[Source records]
______

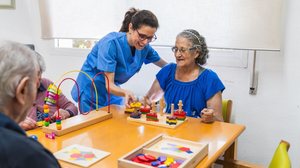 A terapia ocupacional é fundamental por atuar de forma personalizada e devolver a autonomia aos pacientes (Imagem: koldo_studio | Shutterstock)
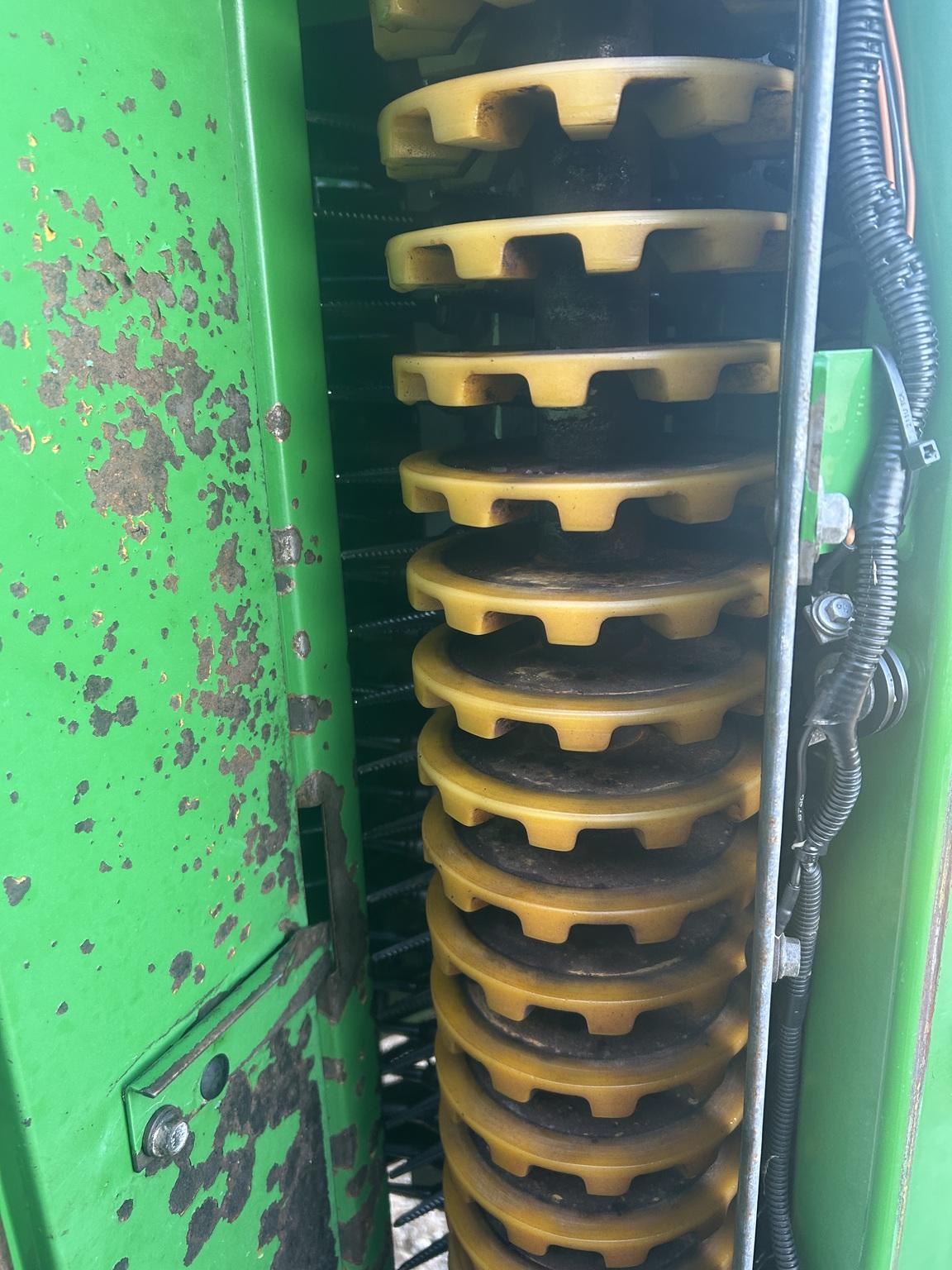 2021 John Deere CP690 Image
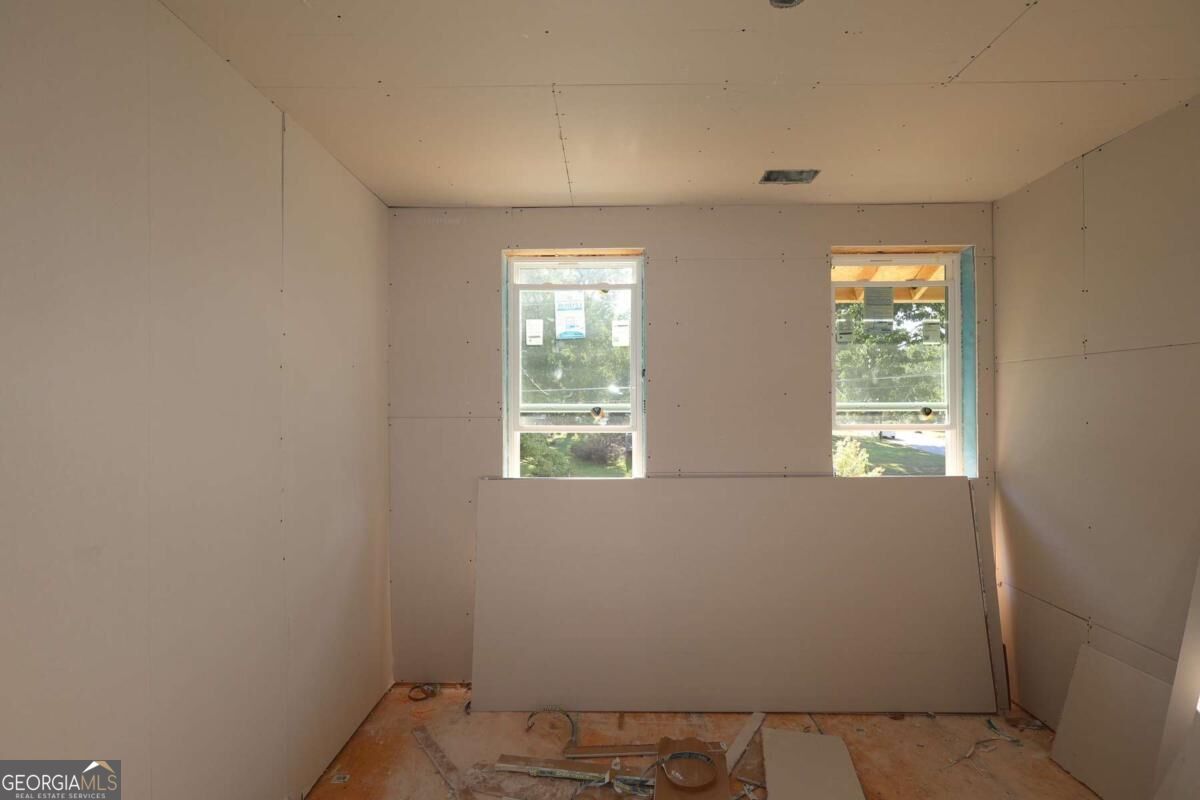 799 Auguste Avenue Property Photo 8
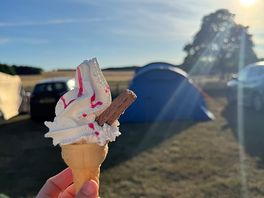 Also had an ice cream van turn up 😋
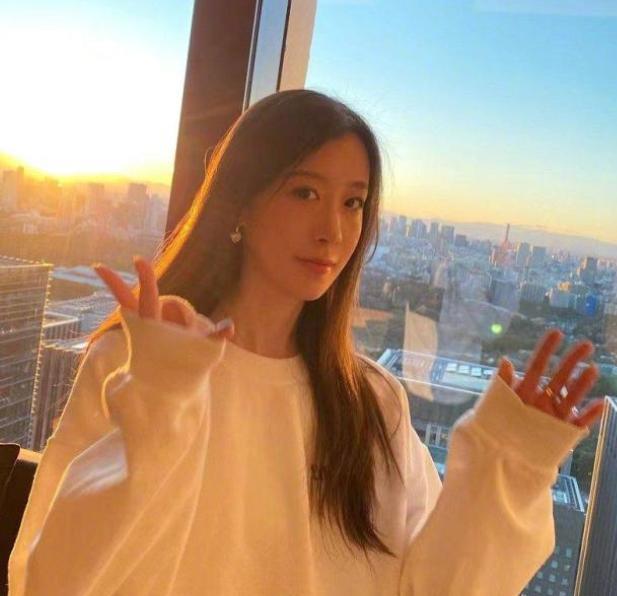 许魏洲|许魏洲深夜在超话发文，解释结婚事件，却遭到粉丝疯狂爆料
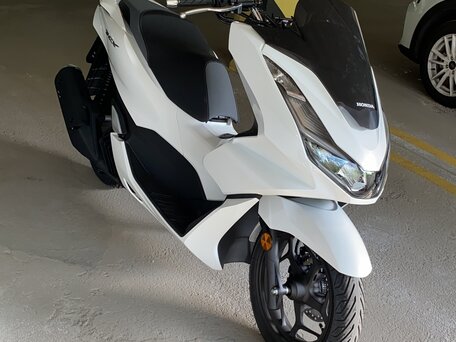 2021 Honda PCX 125, белый, 380000 рублей, вид 1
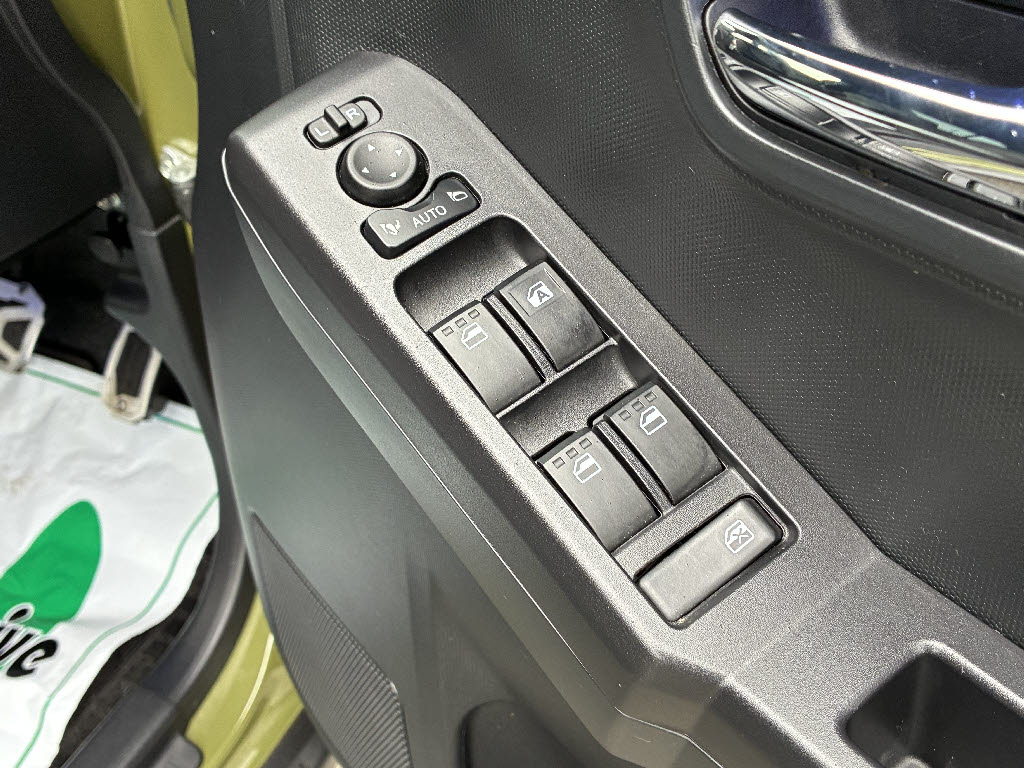 ダイハツ タフト 4WD Gﾀｰﾎﾞ ﾀﾞｰｸｸﾛﾑﾍﾞﾝﾁｬｰ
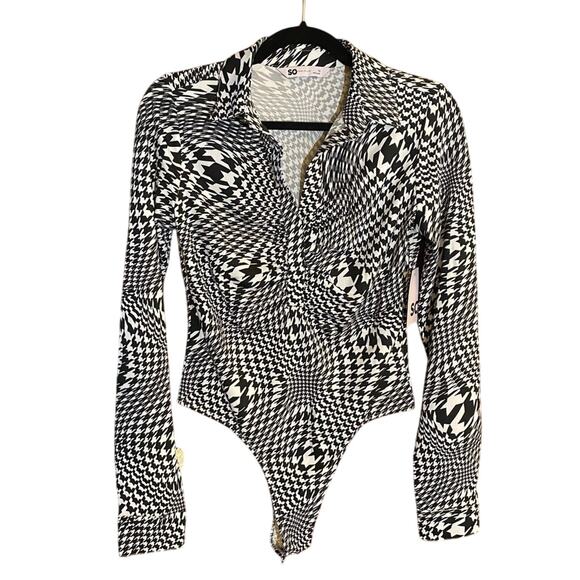 SO Women's Long Sleeve Bodysuit Size Medium Swirled Collared Funky Retro - Picture 3 of 10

______

## WHAT YOU WILL DO
Please quote the records above exactly, beginning at the line that contains "Also had an ice cream van turn up 😋" and ending at their last line. Leave the pictures out.

## EXPECTED ANSWER
 Also had an ice cream van turn up 😋
 许魏洲|许魏洲深夜在超话发文，解释结婚事件，却遭到粉丝疯狂爆料
 2021 Honda PCX 125, белый, 380000 рублей, вид 1
 ダイハツ タフト 4WD Gﾀｰﾎﾞ ﾀﾞｰｸｸﾛﾑﾍﾞﾝﾁｬｰ
 SO Women's Long Sleeve Bodysuit Size Medium Swirled Collared Funky Retro - Picture 3 of 10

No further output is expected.